[Opening RECORDS TO USE section]

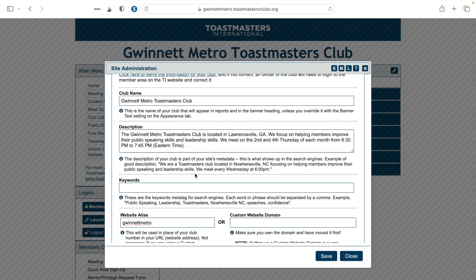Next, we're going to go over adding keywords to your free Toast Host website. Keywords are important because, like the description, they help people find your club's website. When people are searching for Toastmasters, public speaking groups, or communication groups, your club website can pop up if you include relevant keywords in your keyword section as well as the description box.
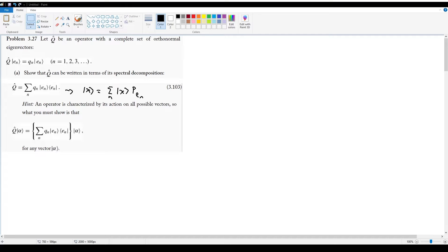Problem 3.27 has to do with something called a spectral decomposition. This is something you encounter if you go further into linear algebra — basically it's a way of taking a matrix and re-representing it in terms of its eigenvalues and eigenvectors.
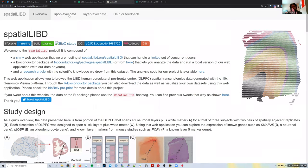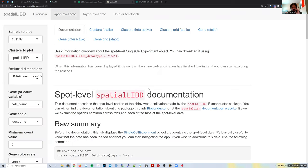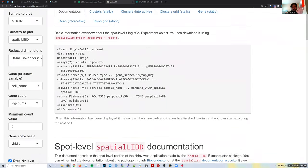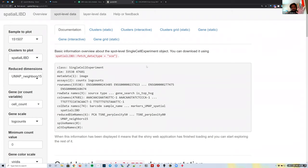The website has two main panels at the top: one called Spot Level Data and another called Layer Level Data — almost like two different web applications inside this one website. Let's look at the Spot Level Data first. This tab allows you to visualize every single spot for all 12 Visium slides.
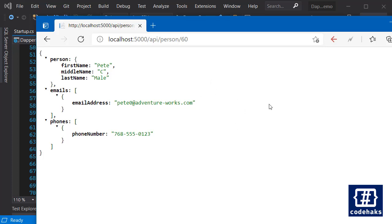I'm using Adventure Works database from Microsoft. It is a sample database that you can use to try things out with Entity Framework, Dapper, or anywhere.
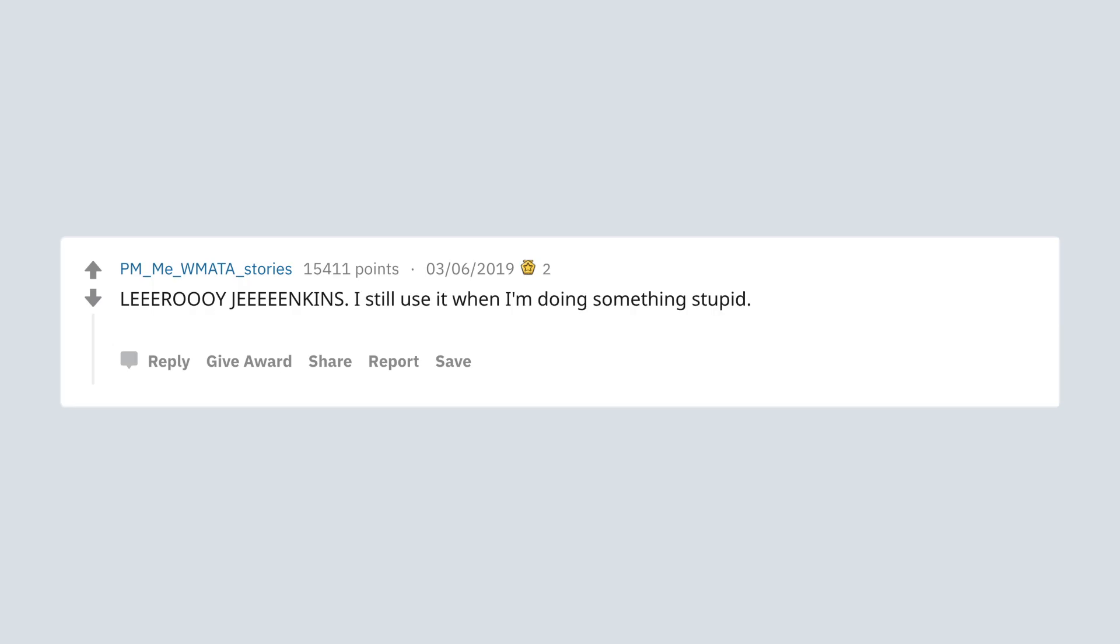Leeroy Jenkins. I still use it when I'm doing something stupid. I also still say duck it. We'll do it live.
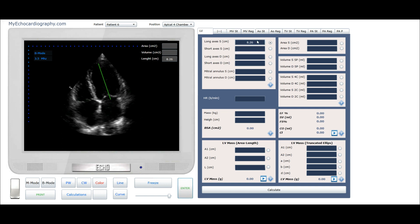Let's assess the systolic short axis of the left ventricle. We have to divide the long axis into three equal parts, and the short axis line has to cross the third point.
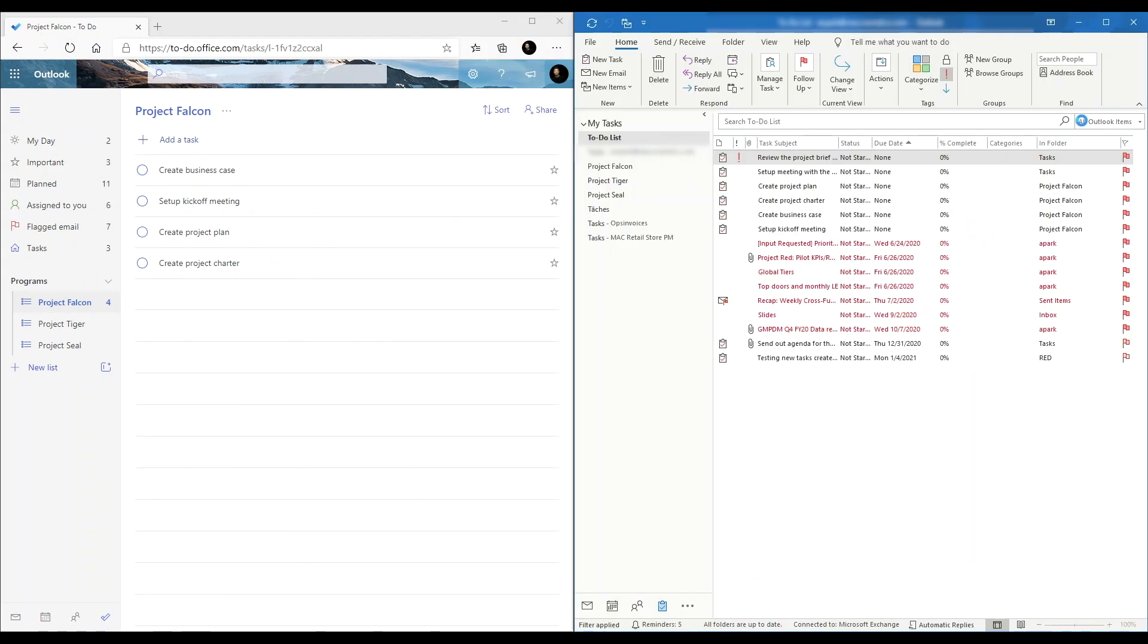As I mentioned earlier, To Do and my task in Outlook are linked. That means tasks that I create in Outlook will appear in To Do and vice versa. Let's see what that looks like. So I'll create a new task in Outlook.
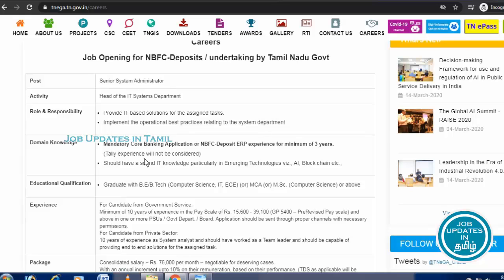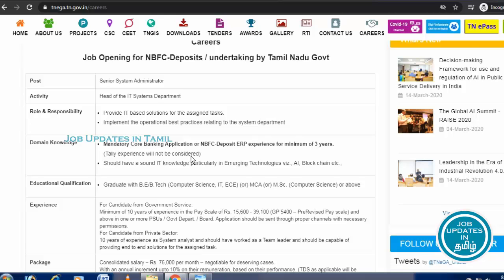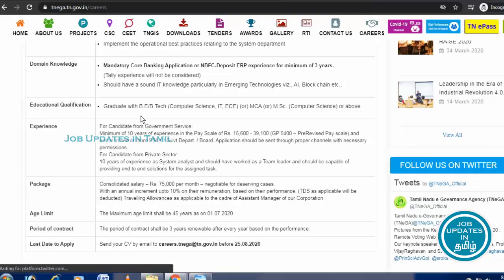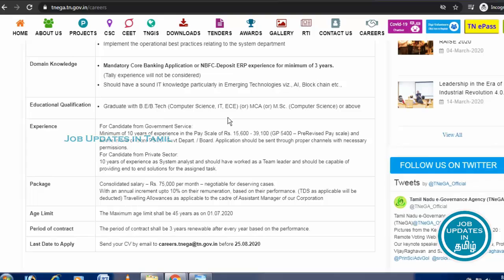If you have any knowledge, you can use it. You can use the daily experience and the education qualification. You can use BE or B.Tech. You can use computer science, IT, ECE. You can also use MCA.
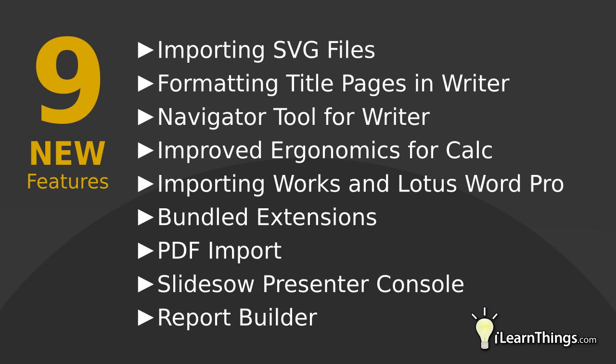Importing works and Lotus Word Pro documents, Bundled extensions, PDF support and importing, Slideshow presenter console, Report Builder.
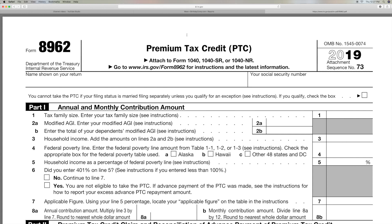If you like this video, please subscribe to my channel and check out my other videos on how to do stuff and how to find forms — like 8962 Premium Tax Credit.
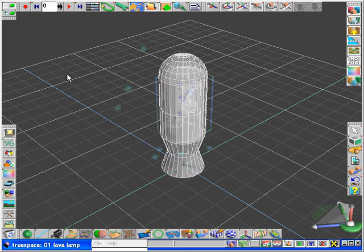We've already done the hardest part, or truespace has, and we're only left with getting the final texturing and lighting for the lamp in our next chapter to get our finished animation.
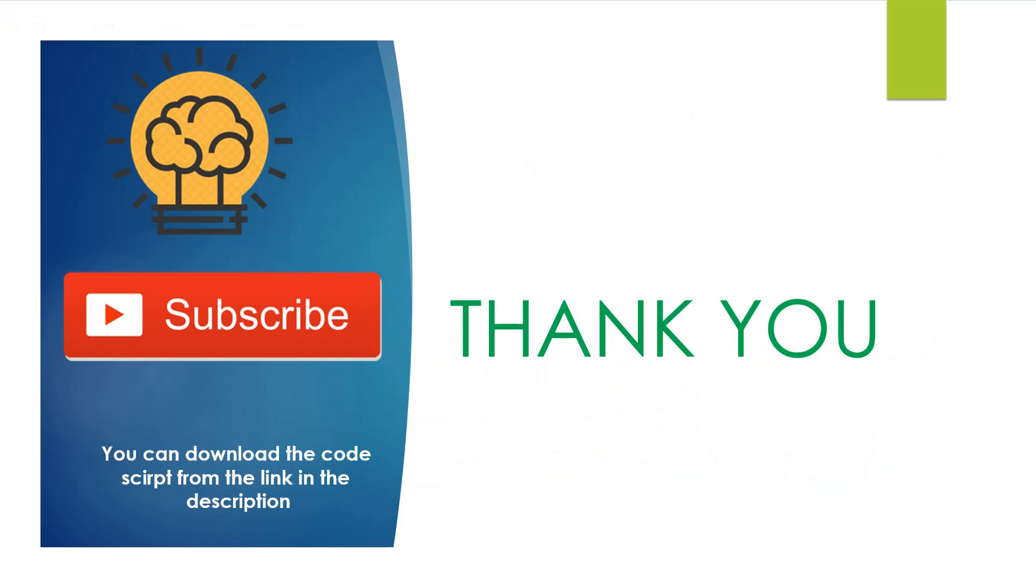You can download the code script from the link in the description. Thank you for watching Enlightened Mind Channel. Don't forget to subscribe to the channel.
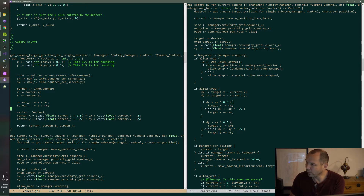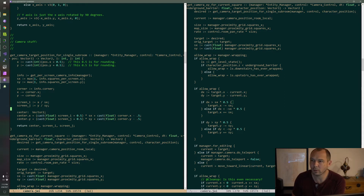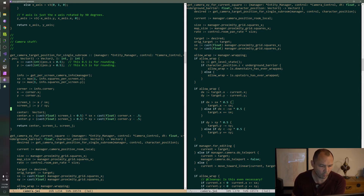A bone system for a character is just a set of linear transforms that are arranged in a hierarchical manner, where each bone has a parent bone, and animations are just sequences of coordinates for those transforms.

[Closing RECORDS TO USE section]

ASSIGNMENT: Give again, word for word, each line from the one holding "You can download" through the end of the entries, and leave out any picture.

ANSWER FOR THIS EXERCISE:
You can download the code script from the link in the description. Thank you for watching Enlightened Mind Channel. Don't forget to subscribe to the channel.
A bone system for a character is just a set of linear transforms that are arranged in a hierarchical manner, where each bone has a parent bone, and animations are just sequences of coordinates for those transforms.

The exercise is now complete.